While continuing to work with industrial materials and processes, she began experimenting with traditional craft techniques in ceramics, textiles and glass. By fusing craftsmanship with advanced technology and celebrating the imperfection of found objects and used materials, she has explored the blurring of boundaries between the old and the new, and high-tech and low-tech. In 1998, she returned to the Eindhoven Design Academy, this time as a professor. At the same time, she developed the b-set collection of intentionally imperfect industrially produced tableware for the Royal Tichelaar Makkum. Since then, she has continued on with several more museum exhibitions, winning such awards the the Rotterdam Design Prize (for her piece Repeat).


In 2000, Jongerius founded her own firm in Rotterdam, named JongeriusLab, producing a unique wealth of textiles, crockery, and furniture. Her designs combine new technological achievements with the uniqueness and importance that only handmade historic objects possess. Says Jongerius, "I'm trying to make products that can be loved and that people want to own their whole lives to and then pass them on to the family."

Jongerius frequently joins up with manufacturers to create a new designer product for their line. One such company was Porzellan Manufaktur Nymphenburg, one of the oldest and most revered art and design manufacturers in the world. Founded in 1747 by Elector Max the III of Bavaria and located on the northern lane at the Nymphenburg Palace since 1761, they have now had over 250 years of uninterrupted porcelain production. They represent the highest standard in porcelain, hand-crafting every item and event producing their 'white gold' themselves in the Nymphenburg Mill.


For them she has created a series fo luxurious, but subtly seditious, bowls and plates called Nymphenburg Sketches. She was inspired while visiting Nymphenburg Porzellan and decided to produce dinnerware that was unique due to direct involvement of the porcelain artist with the final product.
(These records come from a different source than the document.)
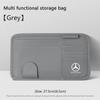 Car Sun Visor Leather Storage Bag Sunglasses Case Auto Storage Pocktet For Mercedes Benz AMG W177 W176 X166 X167 C257 C218 X253 EB1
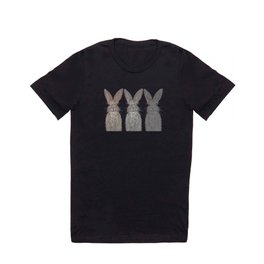 Triple Bunnies T Shirt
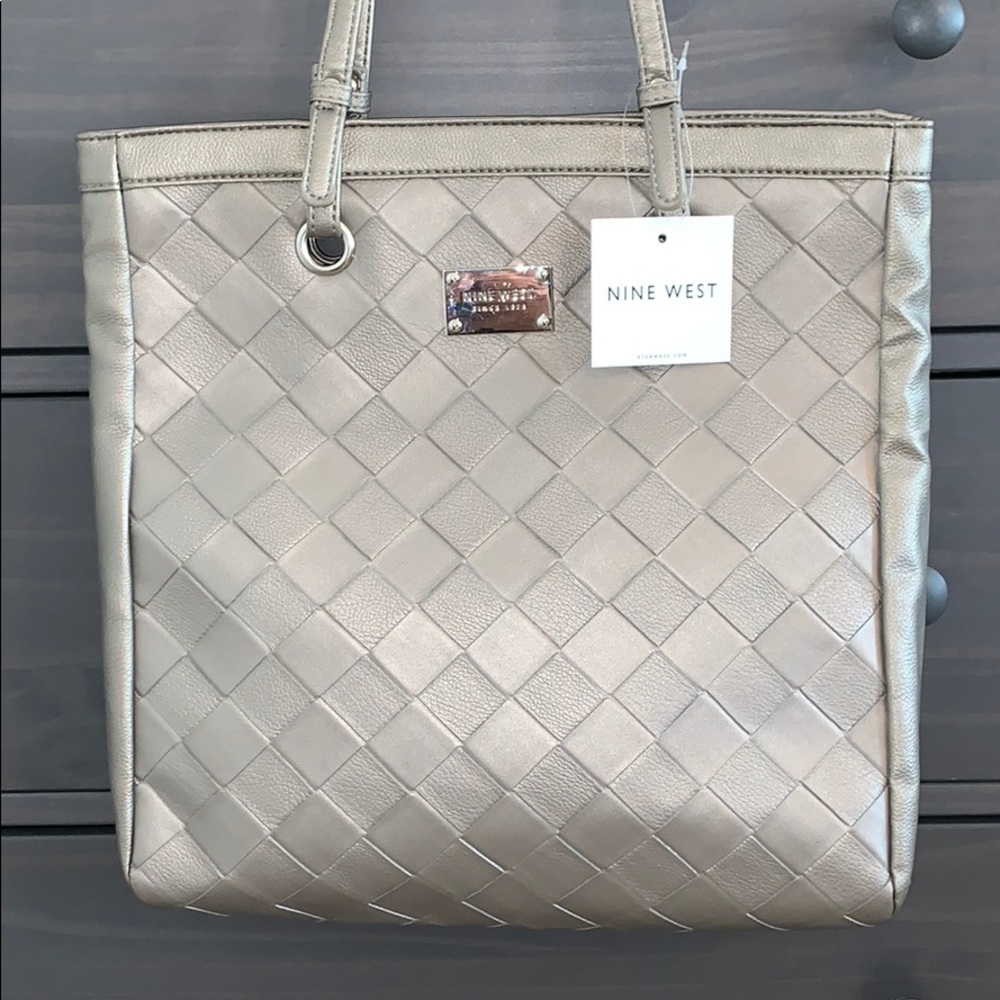 Nine West “Weave It”‎ Tote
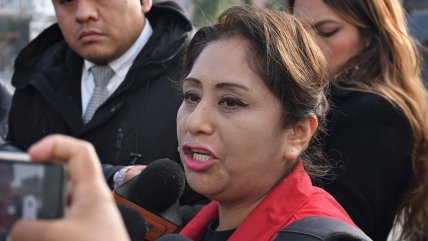   Detienen a aliada de Evo Morales que habló de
Obtaining inspiration from a number of possible images, the craftsperson decides on the end result - with the identities of the craftspeople noted in the letters and numbers on the side of bowls, plates, and cups. The bowls have animal figurines marooned surreally in the centre, and are spectacular examples of high-end kitsch, draped in opulent patterns spilling on to the base. They are all uniquely hand-painted but part of general production. The plates are adorned with exquisite hand-painted motifs, such as flowers and butterflies, cherry-picked from the company's historic pattern books. These images are juxtaposed with workaday markings, such as factory stamps and colour trials, which draw attention to the hidden processes behind Nymphenburg's otherwise immaculate products. She has brought animal and plant designs from four decades, from the Rococo period to the present day, together and applied them to simple plates, bowls and beakers. The sometimes incomplete painting illustrates the process of creation that a design goes through. Each plate is unique and highly collectible, with a random selection of fixed motifs per plate.
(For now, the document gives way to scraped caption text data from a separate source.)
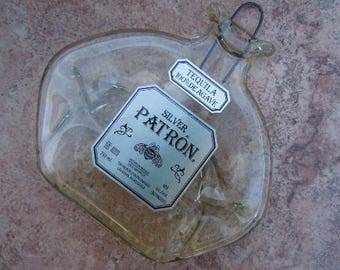 Free Shipping Patron Silver de Agave Tequila spoon rest elegant cheese tray wall decoration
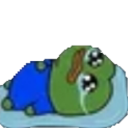 pepe_sad custom emote | Jewish Community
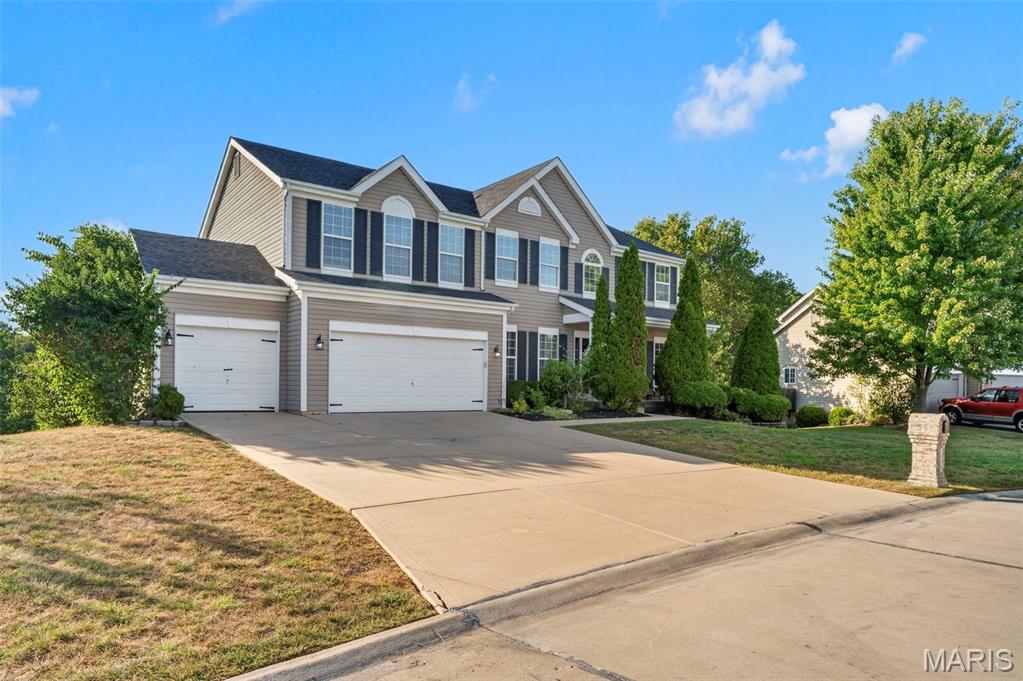 Manors At Crimson Oaks - Residential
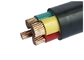 U-1000V cuivrent le cable électrique isolé par PVC de PVC de noyaux de la gaine quatre des câbles de conducteur/PVC fournisseur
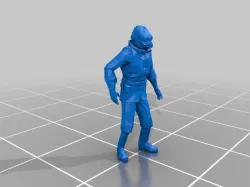 Animated Half Life 2 Combine Police Poses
Hella Jongerius designed the Nymphenburg Sketches service as well as the Four Seasons collection - mirror, teapot, wine jug, and candlestick. Her Animal Bowls, however, are the most famous. From 700 animal figures that the archive at Nymphenburg holds, she chose five and place them in bowls. She has supplemented the naturalistic painting of the snail, bird, rhinoceros, deer and hare with a second pattern from Nymphenburg's design repertoire - irrespective of whether they were originally intended for a soup tureen or used for the plumage of a guinea fowl.
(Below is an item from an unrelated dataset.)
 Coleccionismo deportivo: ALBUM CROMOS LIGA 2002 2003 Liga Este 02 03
Jongerius's views are often controversial. She is against "the idea of making a traditional set in which each piece is the same shape", and believes that contemporary shoppers seek out individual pieces of dinnerware that can be mixed and matched on the table. Whether the critics out there agree or not, her work is stylish and covetable. She intentionally integrates wrong-footing in her designs to make us wonder if she's made a mistake. She delights in digging out old shape or patterns, detaching them from their original context and messing around with them.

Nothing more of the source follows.